Enhancing its clients’ competitiveness, becoming a point
of reference in a network of excellence with the
scientific and industrial world, transferring know-how
and technologies from the
automotive sector to other sectors, such as the
domotics, energy and medical sectors.
These are the areas of
application of the innovation to which the Plast-Optic
Research Centre (CRP) has dedicated its research and
development activities ever since it was founded in
2002. Ten years of activity that were celebrated in the
presence of the President of the Friuli – Venezia Giulia
Region, Renzo Tondo, of the Managing Director of the
Plast-Optic Research Centre, Paola Carrea, and of the
President of Agemont, Roberto Venturini.
The Centre was founded
in 2002 in Amaro, in the province of Udine, as a result
of the collaboration between Magneti Marelli Automotive
Lighting, Agemont (Agency for the economic development
of the mountain region) and CRF (Fiat Research Centre,
which in 2011 transferred its shareholding to Magneti
Marelli Automotive Lighting). It is located at the
Agemont’s Technological Innovation Centre, a
technological hub that features the presence of
innovative production companies and research
laboratories, capable of encouraging a constant
interaction between the system of small and medium-sized
companies and the world of Research and of the
University.
The CRP is therefore
strictly connected with the activities of Automotive
Lighting – Magneti Marelli’s strategic business line
for automotive lighting systems which posted a turnover
of approximately € 1.8 billion in 2011 - and
specifically with the plant in Tolmezzo (UD, Italy),
which represents Automotive Lighting’s global excellence
centre with regard to rear lights technology.

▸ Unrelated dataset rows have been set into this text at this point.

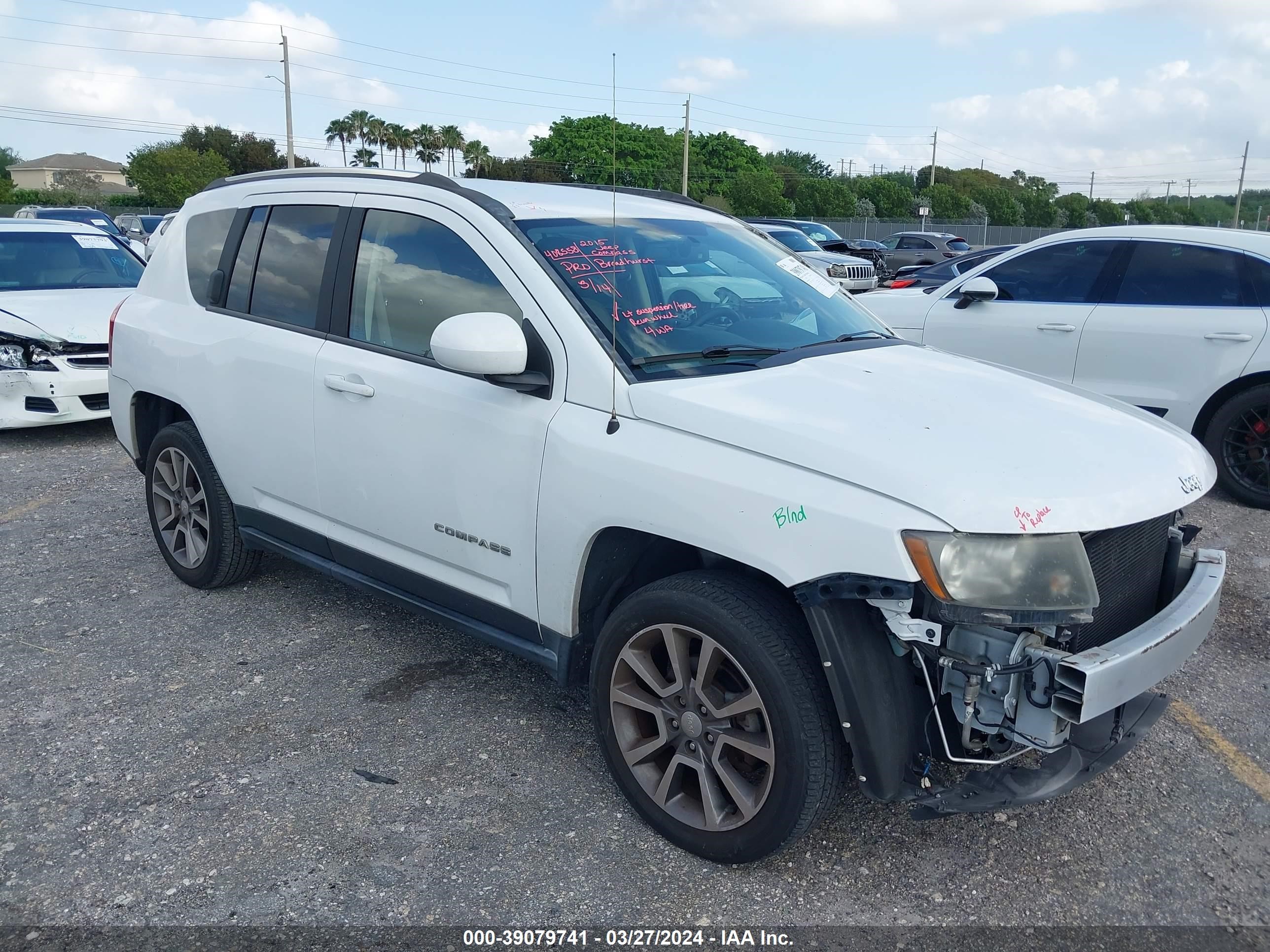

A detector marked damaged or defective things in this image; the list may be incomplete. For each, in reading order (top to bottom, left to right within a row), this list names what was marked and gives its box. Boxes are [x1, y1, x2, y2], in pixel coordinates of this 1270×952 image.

damaged white car [1, 220, 143, 428]
cracked headlight housing [899, 528, 1096, 619]
missing front bumper [911, 690, 1167, 824]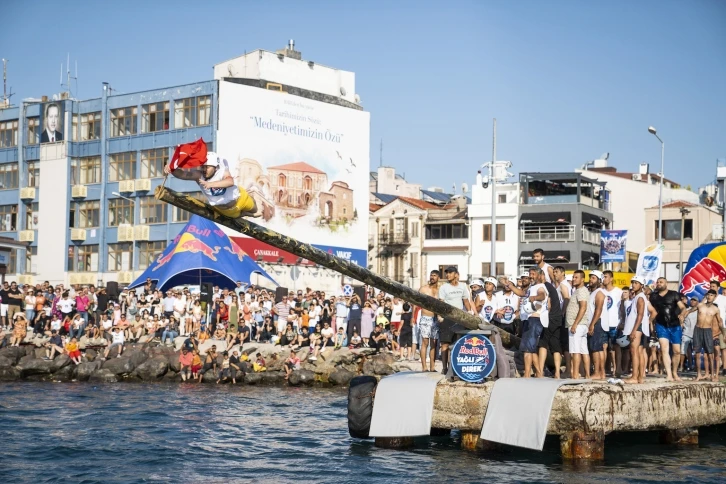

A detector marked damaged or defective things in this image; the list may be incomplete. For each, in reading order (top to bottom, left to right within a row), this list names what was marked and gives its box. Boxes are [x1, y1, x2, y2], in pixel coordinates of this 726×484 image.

rusty metal post [155, 187, 500, 334]
rusty metal post [560, 432, 604, 462]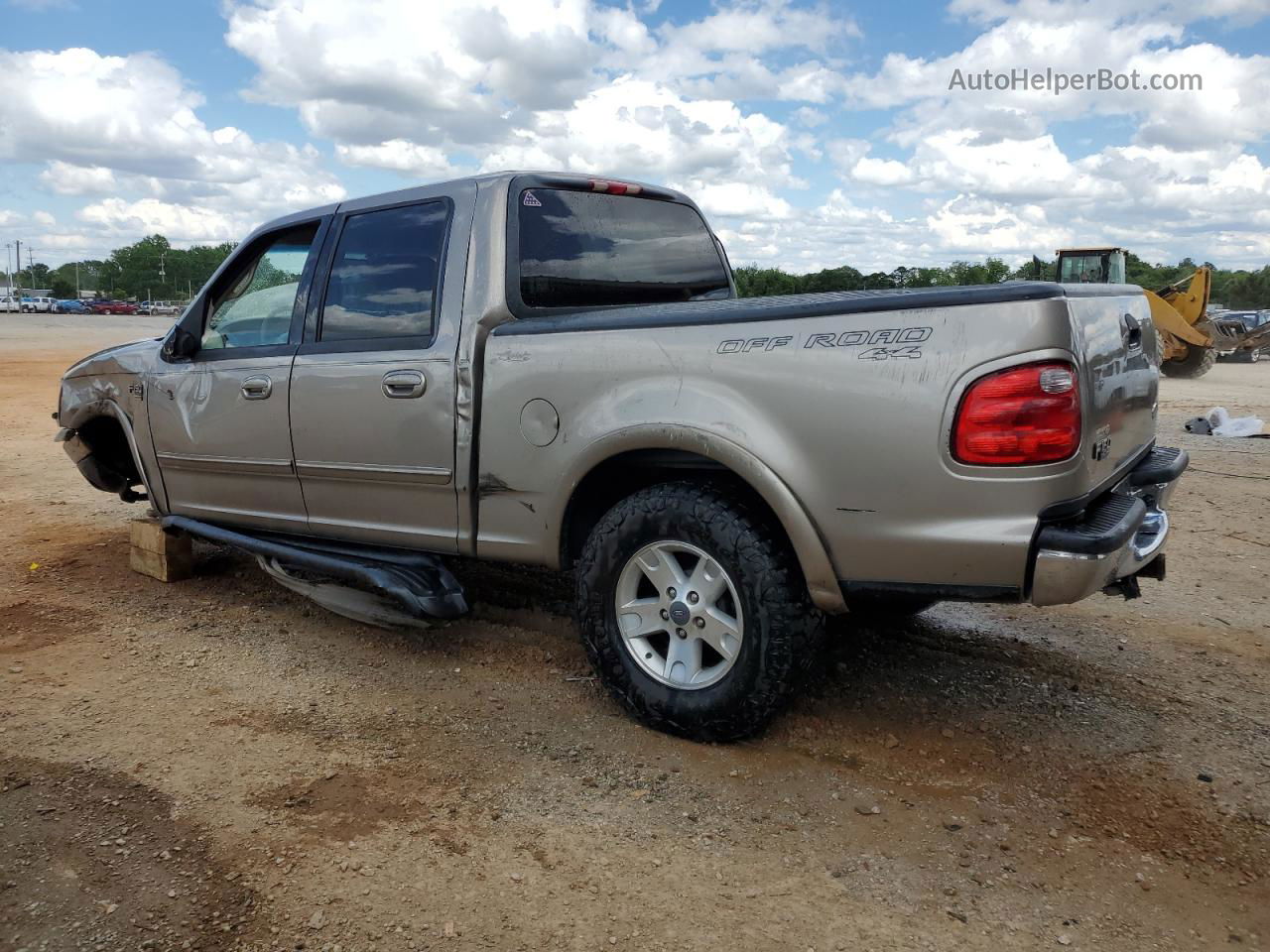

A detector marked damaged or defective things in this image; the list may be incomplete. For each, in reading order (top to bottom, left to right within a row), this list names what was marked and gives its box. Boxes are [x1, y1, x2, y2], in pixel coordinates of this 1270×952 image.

damaged rear bumper [1031, 449, 1189, 611]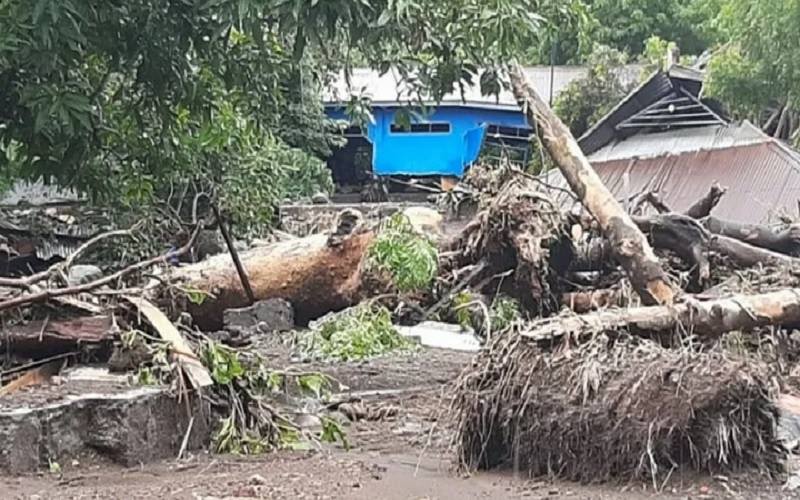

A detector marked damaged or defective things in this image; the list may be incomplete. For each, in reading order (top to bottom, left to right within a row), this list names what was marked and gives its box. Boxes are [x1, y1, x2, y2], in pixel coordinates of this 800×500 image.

damaged house [556, 65, 800, 225]
broken concrete block [223, 298, 296, 334]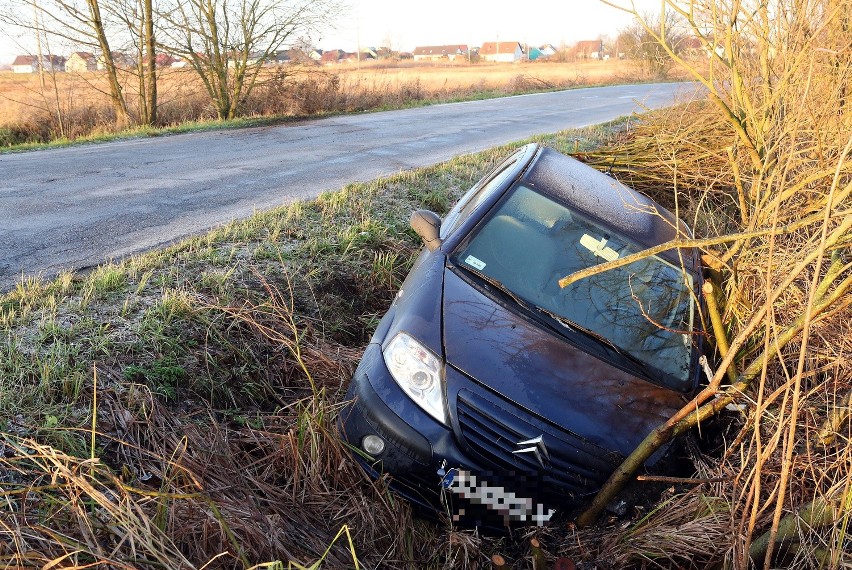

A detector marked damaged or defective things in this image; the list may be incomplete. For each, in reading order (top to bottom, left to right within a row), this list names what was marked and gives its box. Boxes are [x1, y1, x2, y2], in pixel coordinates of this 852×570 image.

The
Tolmezzo plant alone generates a turnover of about € 160
million, and it employs about 800 people. It supplies a
wide range of rear lights to leading global carmakers,
exporting about 95% of its production.
During this ten-year
period, the CRP has operated with the goal of expanding
the research activity in order to develop skills to be
made available to customers and partners with regards to
lighting and LED signalling devices, plastic artefacts
and prototypes, technological processes on plastic,
optics and electronics and, lastly, new composite
materials. This has led to projects in various sectors,
such as the search for innovative lighting systems based
on solid-state sources (OLED and chip-LED), the design
of new nano-composite thermoplastic materials, the
definition of concentration photovoltaic systems and the
implementation of innovative injection moulding
technologies for the production of micro-structured
optical systems.
While carrying out its
research and development activities, the CRP actively
collaborates with Magneti Marelli’s laboratories,
offering the possibility to access technological areas
which are complementary to those in which Magneti
Marelli possesses specific skills. The Centre is
equipped with laboratories dedicated to simulation and
design, in addition to a LED and Chip-LED assembly line
and several presses for injection moulding. Thanks to
its network of international partners, the CRP can
follow the preparation and presentation of European and
national research projects, in collaboration with
companies or research institutions interested in the
sectors of photonics, nano-technologies and alternative
energies, with special focus on issues relating to solar
energy.
The Plast-Optic
Research Centre is a member of the Italian Technological
Alliance for solid-state lighting, which brings together
industrial and scientific operators in the sector in
order to help them become more competitive at the
international level.
A confirmation of the
high level of technological development achieved by the
CRP is the Phylla prototype, developed by the Fiat
Research Centre together with its partners, on display
in Amaro during the 10-year anniversary celebrations of
the CRP. Phylla is a multi-ecological city car,
sustainable and totally recyclable, with headlamps and
rear lights based on LED systems, designed and developed
at the CRP, with chip-on-board electronics for high
energy efficiency control and long useful life of the
luminous sources.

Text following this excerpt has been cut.